§ **DATASET EXCERPT**:
□ □ □

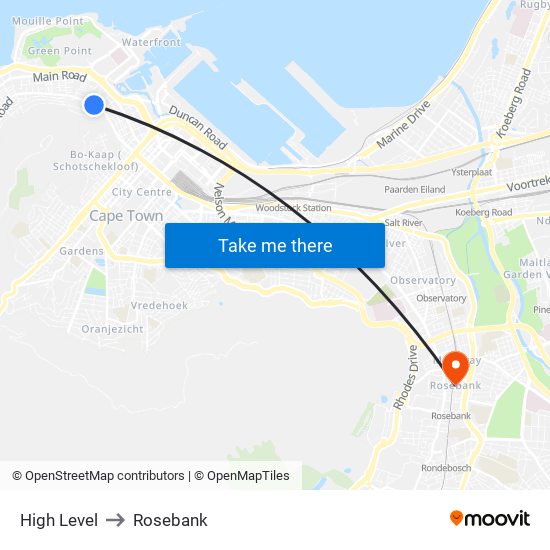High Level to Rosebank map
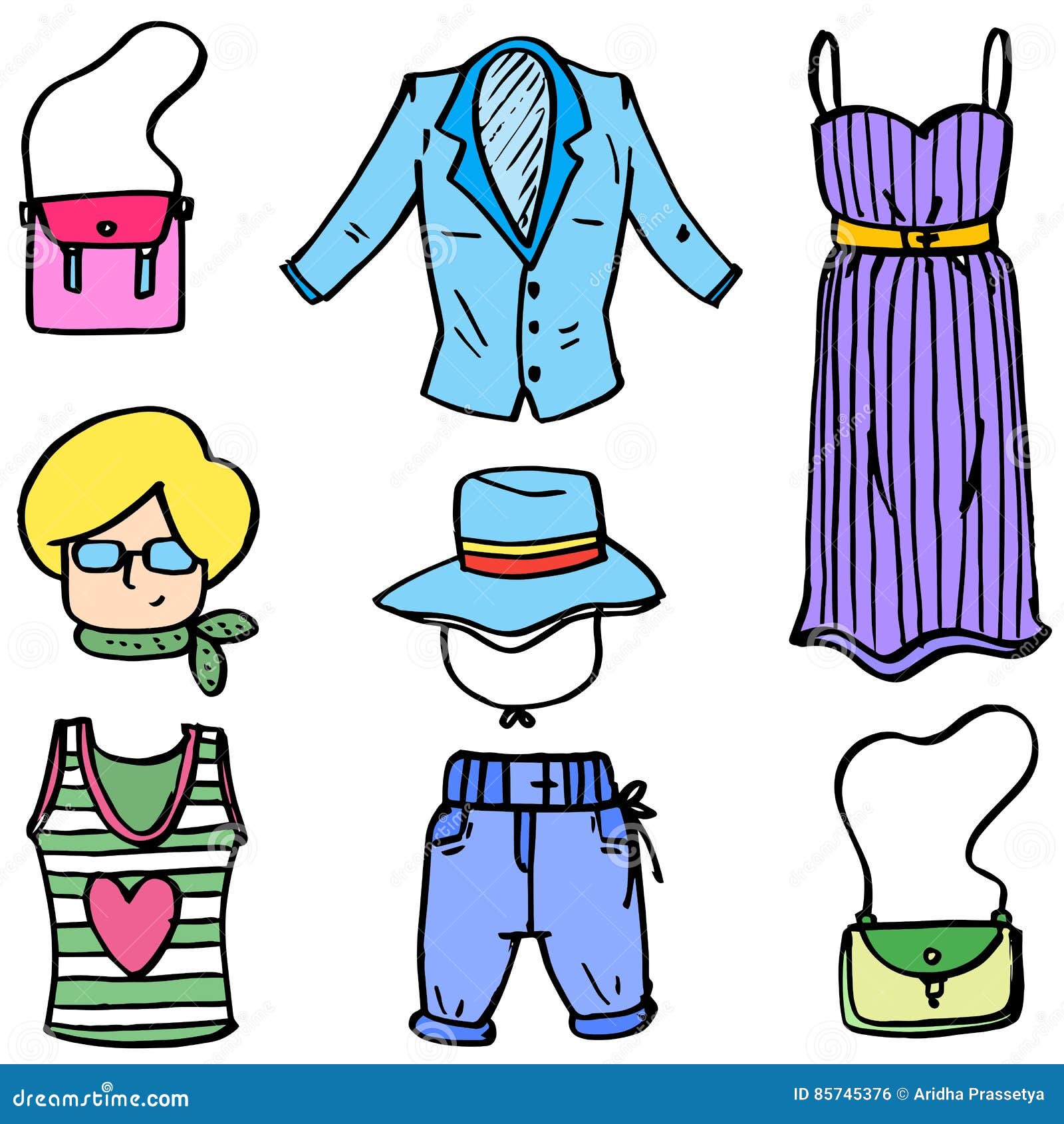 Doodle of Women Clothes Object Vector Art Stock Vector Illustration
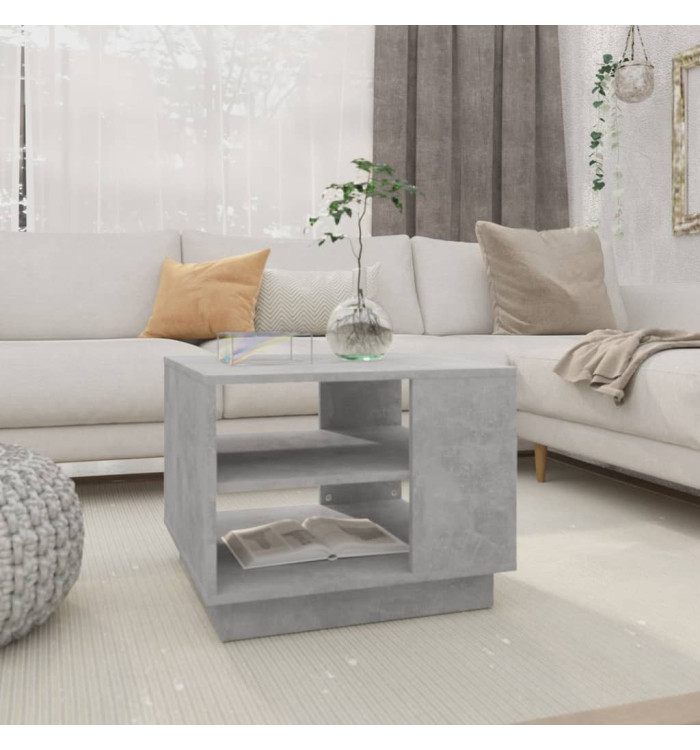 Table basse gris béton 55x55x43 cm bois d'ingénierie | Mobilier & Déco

□ □ □

§ **TASK**: Retype the full listing above precisely. Exclude each picture you find in it.

§ **ANSWER TO THE PROBLEM**:
High Level to Rosebank map
 Doodle of Women Clothes Object Vector Art Stock Vector Illustration
 Table basse gris béton 55x55x43 cm bois d'ingénierie | Mobilier & Déco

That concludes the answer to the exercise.